Bonus: review the algebra
To understand the convolution step of DINGO, it may be helpful to see it actually put it together with the different parts of the model output:
PsiInv = solve(model$Psi)
x = c(1,1)
Q = model$Q
kappa = matrix.trace(Q %*% x %*% t(x) %*% t(Q) %*% PsiInv)
L = PsiInv - 1/(1+kappa)*PsiInv %*% Q %*% x %*% t(x) %*% t(Q) %*% PsiInv
G = model$P
N = t(diag(nrow(G)) - G) %*% L %*% (diag(nrow(G)) - G)
partialCorrelationMatrix = -cov2cor(N)[1:5,1]
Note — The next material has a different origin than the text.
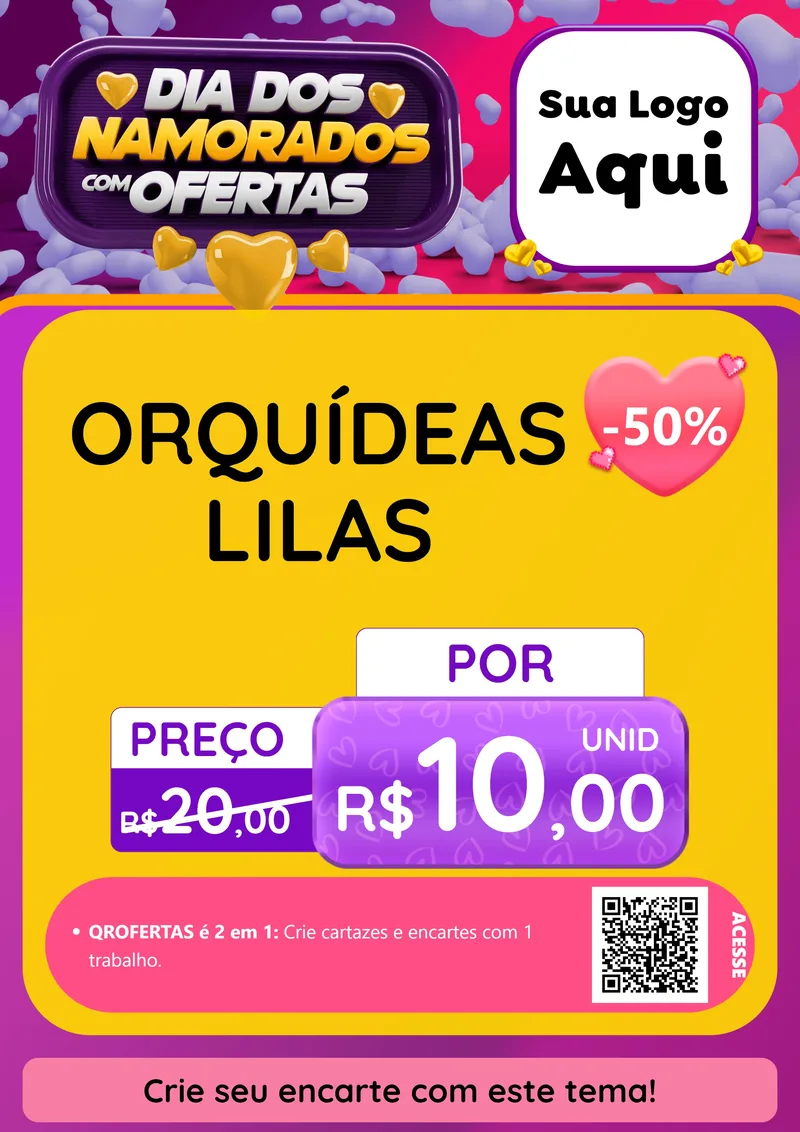 Modelo de Cartaz para Cartaz A4 Vertical com o tema Dia Dos Namorados Com Ofertas para Floricultura e jardim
model$R1[1:5] # this is the same thing as the partialCorrelationMatrix, but in edge list form
## [1] 0.06401273 0.01978540 0.39047613 -0.24106757 0.27047173
References
Class, Caleb A, Min Jin Ha, Veerabhadran Baladandayuthapani, and Kim-Anh Do. 2018. “IDINGO—Integrative Differential Network Analysis in Genomics with Shiny Application.” Bioinformatics 34 (7): 1243–5.
Csardi, Gabor, Tamas Nepusz, and others. 2006. “The Igraph Software Package for Complex Network Research.” InterJournal, Complex Systems 1695 (5): 1–9.
Group, HAPO Study Cooperative Research, and others. 2002. “The Hyperglycemia and Adverse Pregnancy Outcome (Hapo) Study.” International Journal of Gynecology & Obstetrics 78 (1): 69–77.
Ha, Min Jin, Veerabhadran Baladandayuthapani, and Kim-Anh Do. 2015. “DINGO: Differential Network Analysis in Genomics.” Bioinformatics 31 (21): 3413–20.